If there ever were intended to be any negotiations, the unions would have used the industrial action mandate they received from their members back in 2009 to impress on the Government that pursuing its discriminatory agenda against public servants would result in all the union power being employed. Ireland would have been a country without administrators, teachers, nurses, doctors, water and sewage workers, prison officers and, very possibly, without Gardai or security forces. Under such circumstances no government could survive a week and would have no choice but to back down.
Of course the Government would never have attacked public servants in the first place but for knowing in advance that the union leaders intended to dismantle its members sole means of defence. From the moment the club of General Secretaries
withdrew public servants from the strike action planned for December 2009, when union power was becoming clear after the first strike on November 24, and instead entered into the Croke Park talks, it should have been obvious to all that negotiation was at an end. From that point on, the Government had proof that it was the only party with power at its disposal. The union leaders had put their members weapons beyond use. The unions had decommissioned and negotiation cannot occur in such a position of power imbalance.
Remember the big ICTU march in Dublin back in 2009. Why did all that stop? Because it would have been successful. It was becoming clear that public servants wielded great power and that was exactly what the club of General Secretaries did not want the members to realise. The more obvious it is that your strategy is successful, the harder it is to stop employing it.

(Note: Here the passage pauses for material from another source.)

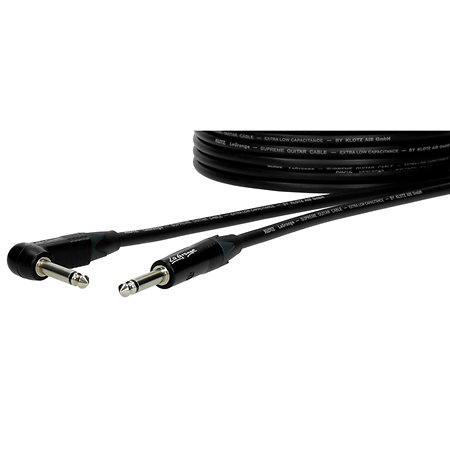 LA-PR0600 LA-Grange Supreme Guitar Cable Jack Mâle TS Jack Mâle TS coudé 6m Klotz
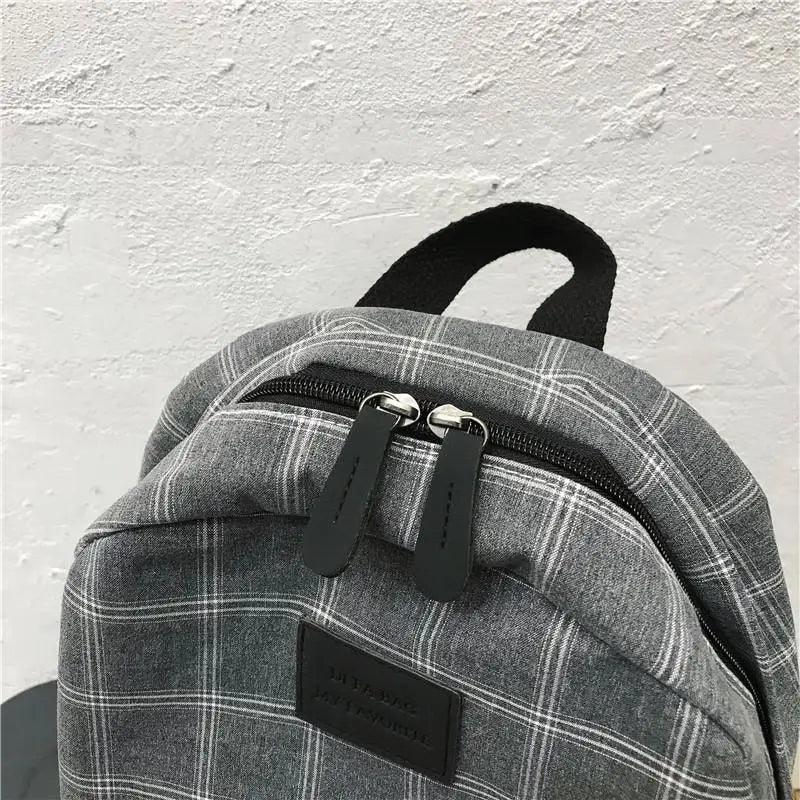 Casual Striped School Backpack for Women and Teenage Girls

The current proposal, which any sensible person knows perfectly well should never be up for voting, is not the best deal that could be got by negotiation. It is, of course, the precise deal – €1,000,000,000 – which the government sought at the outset. All the rest – who pays what and how – is just window dressing designed to confuse, distract and divide. That was the only contribution made by the union leaders in the talks – explaining to the government how best to divide public servants against each other. When one party gets exactly what it demanded at the outset, it is obvious that no negotiating took place. But we know that already because if one of the parties will not employ its power there can be no negotiations.
The power is still there. The challenge is to circumvent the General Secretaries and regain that power. The first step is to win an overwhelming NO vote. The next step will be for the union members to regain control of the unions they finance.